Cell transplantation has great potential for treating a wide variety of human diseases and injuries; however, due to a local inflammatory microenvironment and mechanical damage during the injection procedure, cell viability following simple injection protocols remains low. We are developing functional cell delivery materials to protect cells from mechanical stress during injection, localize them to the transplantation site, and direct their organization and differentiation in vivo. Our engineered materials are built from two classes of engineered proteins that create physically crosslinked hydrogels when mixed under constant physiological conditions. These mixing-induced three-component hydrogels (MITCH) allow cytocompatible 3D cell encapsulation and are shear-thinning and self-healing, making them ideal injectable vehicles for delivering encapsulated cells to a therapy site.

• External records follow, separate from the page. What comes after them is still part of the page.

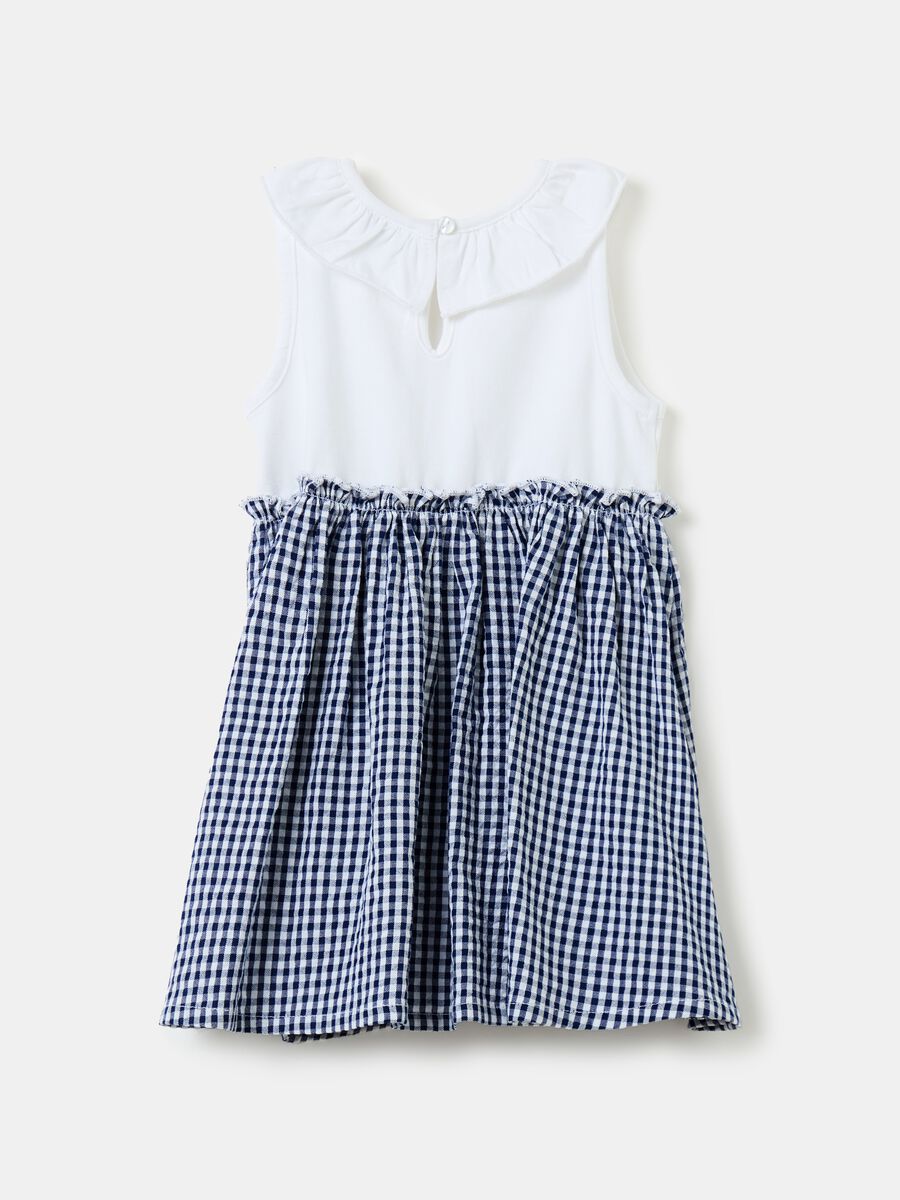 Sleeveless dress with gingham skirt_1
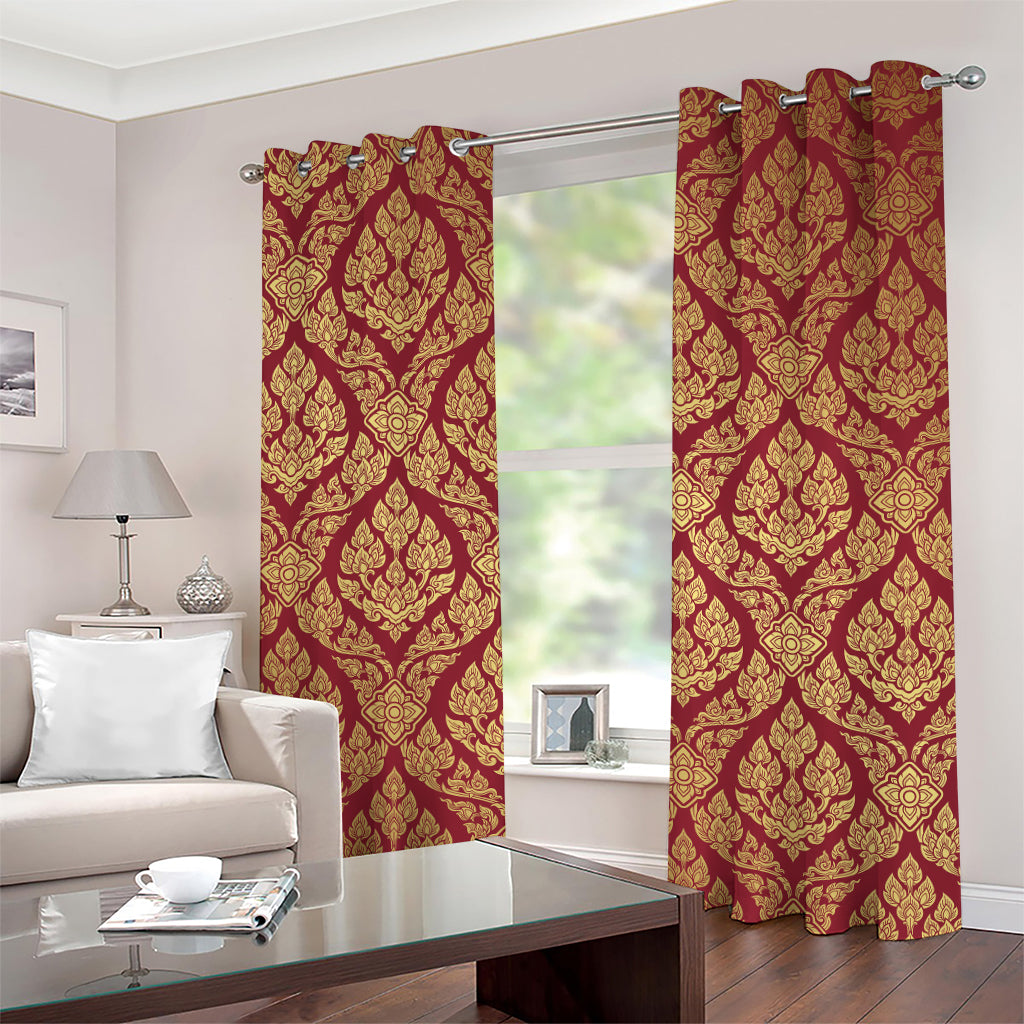 Gold And Red Thai Pattern Print Grommet Curtains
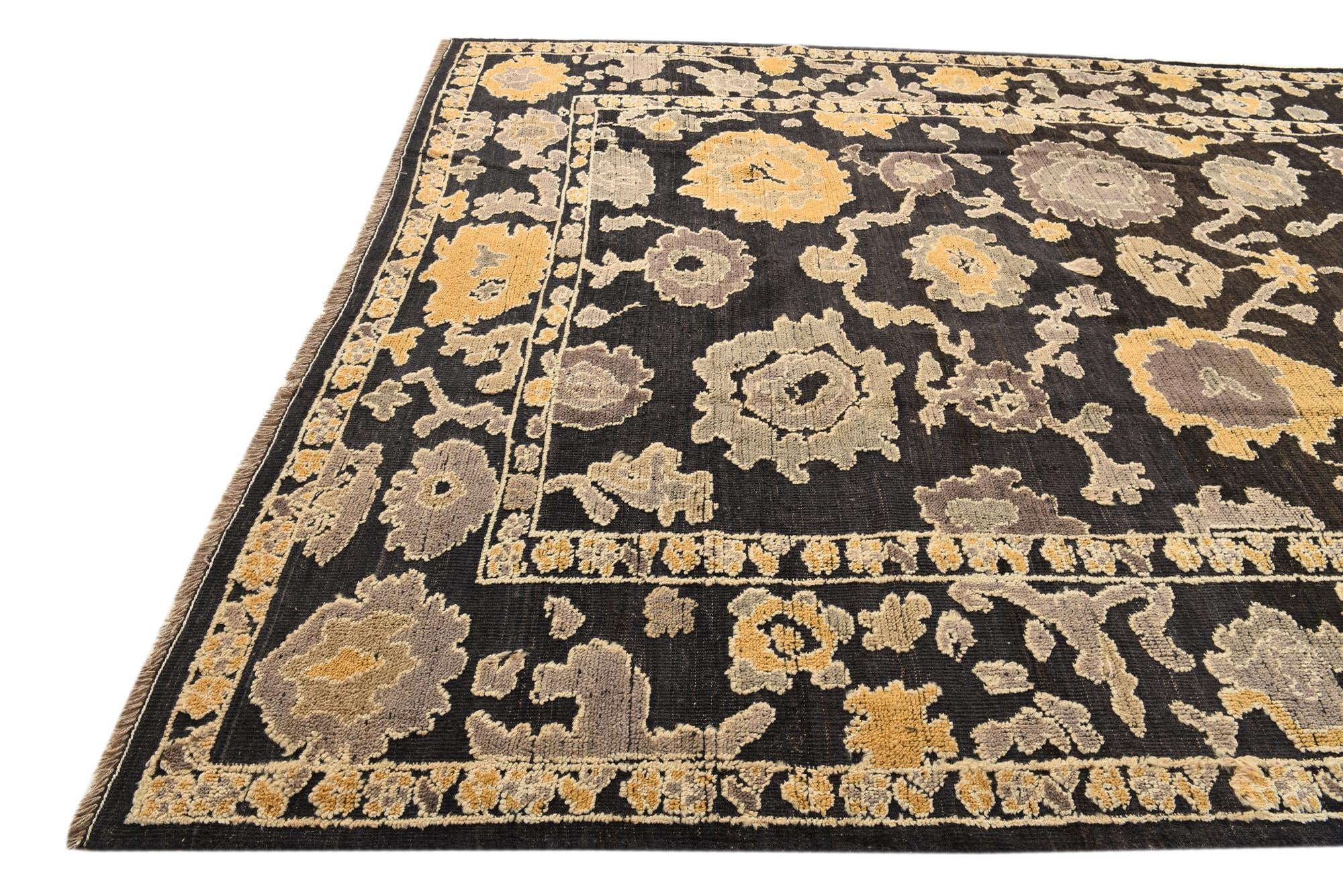 9' 5 x 12' Hand Knotted Oushak Wool Rug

We are designing a new family of biomaterials that are made entirely of engineered proteins. By carefully selecting the primary amino acid sequence of our engineered proteins, we can create biomaterials with independently tunable biochemical and biomechanical properties that mimic many of the essential properties of natural tissues including elasticity, proteolytic remodeling, and cell binding and signaling. An essential component of these engineered protein-based materials are elastin-like peptide sequences that provide excellent mechanical resilience. These elastin-like biomaterials are being investigated for use both as ex vivo tissue mimics to study the fundamentals of cell-matrix interactions and as in vivo tissue mimics for regenerative medicine applications. Current systems under study include neuronal, cardiac, vascular, and bone tissues amongst others.
Recent advances in research and medicine have identified novel means to control human stem cell differentiation, maintenance, and proliferation in vitro. However, interactions between stem cells and their microenvironment represent a pressing area for investigation due to several limitations: 1) inadequately preserved 3D tissue architecture, 2) poorly-defined physiological parameters for in vitro culture, and 3) narrow understanding of cell-cell interactions during co-culture of stem cells with physiologically-appropriate adjacent cell types. To address these limitations, 3D organoid culture of patient-derived tissue samples or induced pluripotent stem cells (iPSCs) has emerged as a more biomimetic platform for modeling the interaction of human stem cells with their extracellular microenvironment. We hypothesize that the use of customizable, engineered protein scaffolds that mimic biochemical and biomechanical features of the native stem cell niche will provide unique insight into biological mechanisms of these stem cell-microenvironment interactions. To test our hypothesis and further understand these interactions, we culture a range of human organoid samples in our engineered materials including: intestinal, brain, liver, and cancer organoids.
Three-dimensional (3D) bioprinting has emerged as a promising tool for patterning cells and extracellular matrix components to rapidly produce complex and functional tissue-like structures. However, bioprinting is currently limited by the narrow range of materials that can be used as bioinks. The requirements for a successful biomaterial ink are two-fold. To fabricate complex, cell-laden structures, biomaterial inks must possess both appropriate mechanics to be printable and appropriate biocompatibility to support living cells. To achieve biological function, the material and biochemical properties of the ink must be tunable to fit the cellular and structural needs of the intended tissue application. Unfortunately, many widely used bioinks do not currently allow for this flexibility. To address this need, we are designing new bioinks that 1) use cell-compatible crosslinking methods, 2) can create cohesive structures using multiple biopolymers and cell types, and 3) are biochemically and mechanically customizable. By expanding the number and tunability of materials that are available for 3D bioprinting, we aim to fabricate complex, multi-material and multi-cellular constructs that better mimic in vivo architectures.